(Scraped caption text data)
========================================
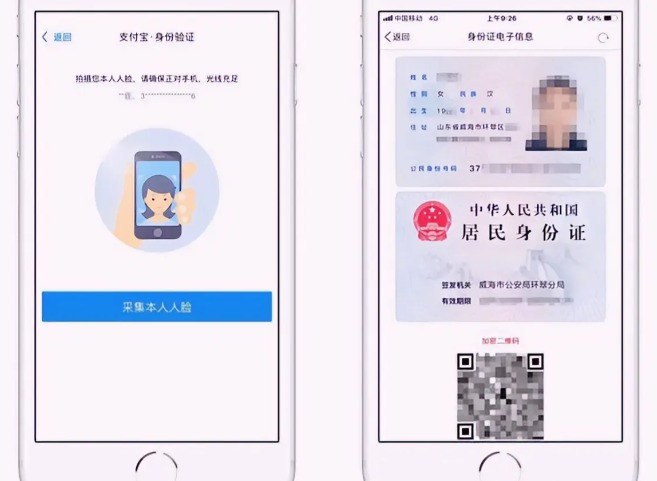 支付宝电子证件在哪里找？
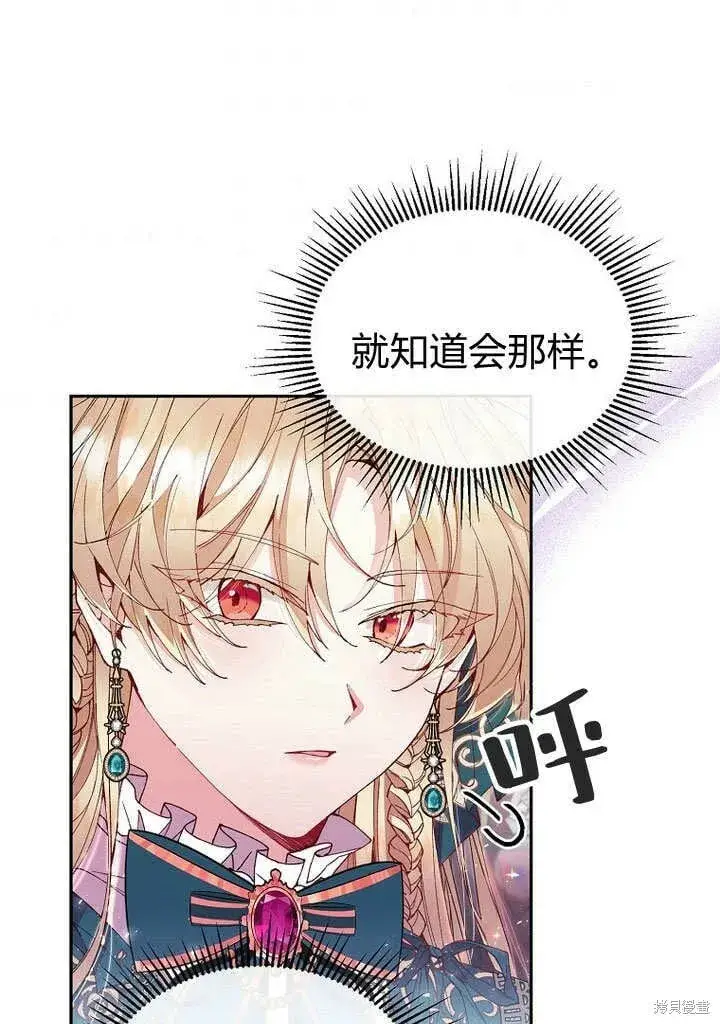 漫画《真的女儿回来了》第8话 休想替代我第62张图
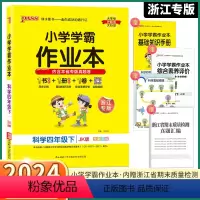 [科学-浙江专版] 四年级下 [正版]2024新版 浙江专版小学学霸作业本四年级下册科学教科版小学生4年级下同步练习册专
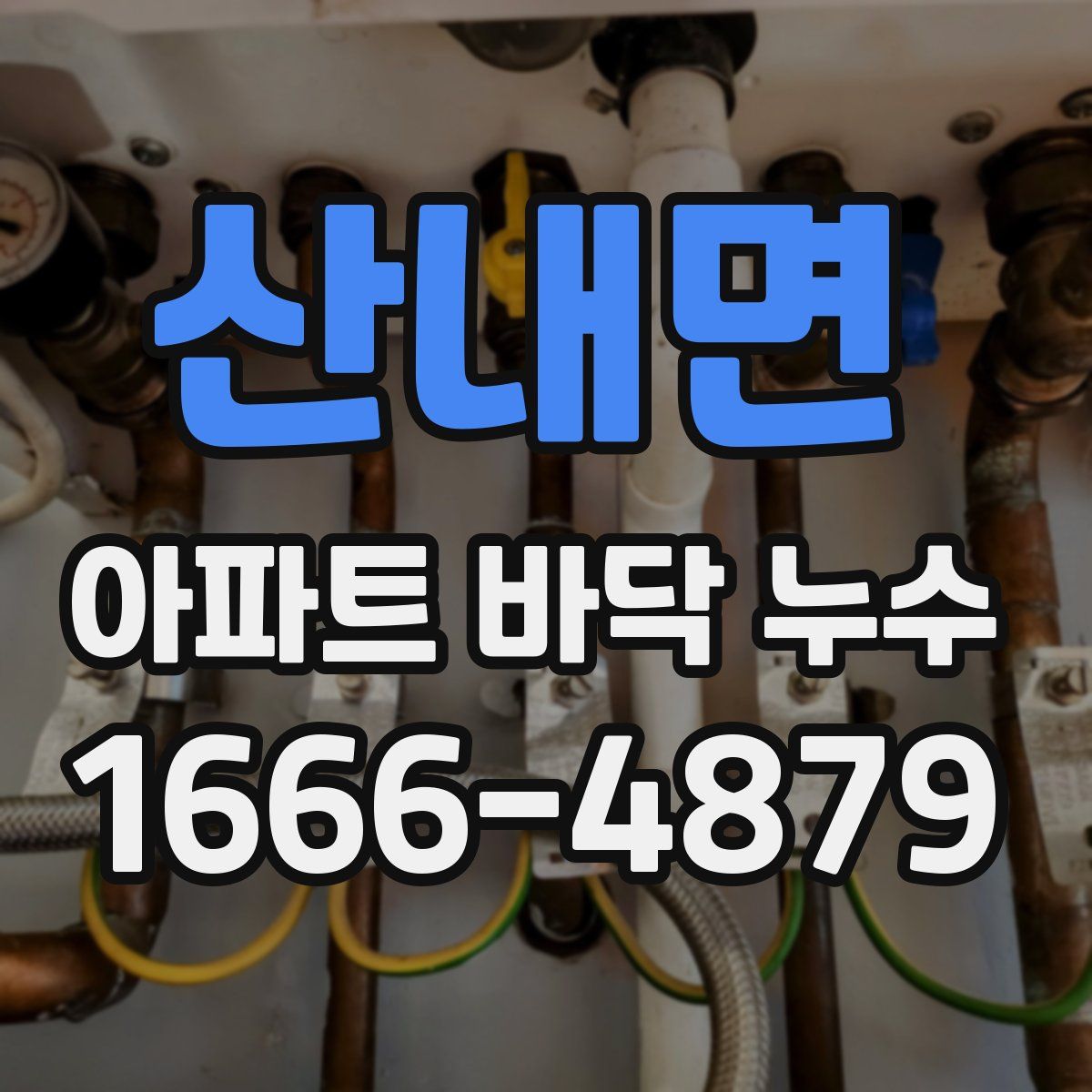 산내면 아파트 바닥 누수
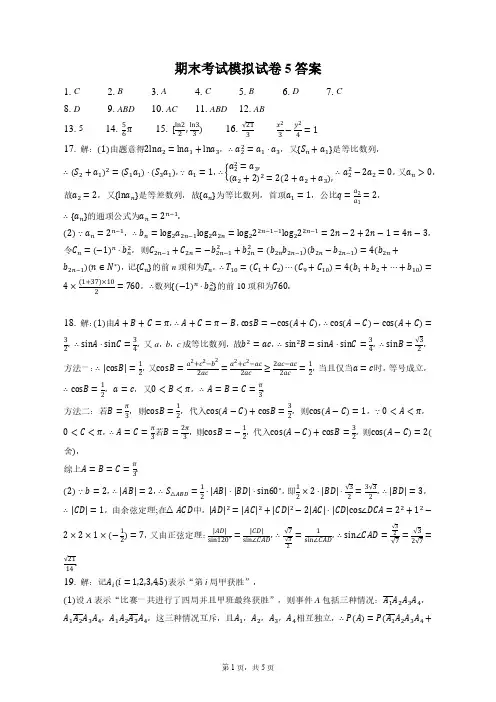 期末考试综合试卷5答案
========================================
TASK BRIEF
From the line containing "[科学-浙江专版] 四年级下 [正版]2024新版" through the final line of the records, write out each line exactly, and include no pictures.

REPLY TO THE EXERCISE
 [科学-浙江专版] 四年级下 [正版]2024新版 浙江专版小学学霸作业本四年级下册科学教科版小学生4年级下同步练习册专
 산내면 아파트 바닥 누수
 期末考试综合试卷5答案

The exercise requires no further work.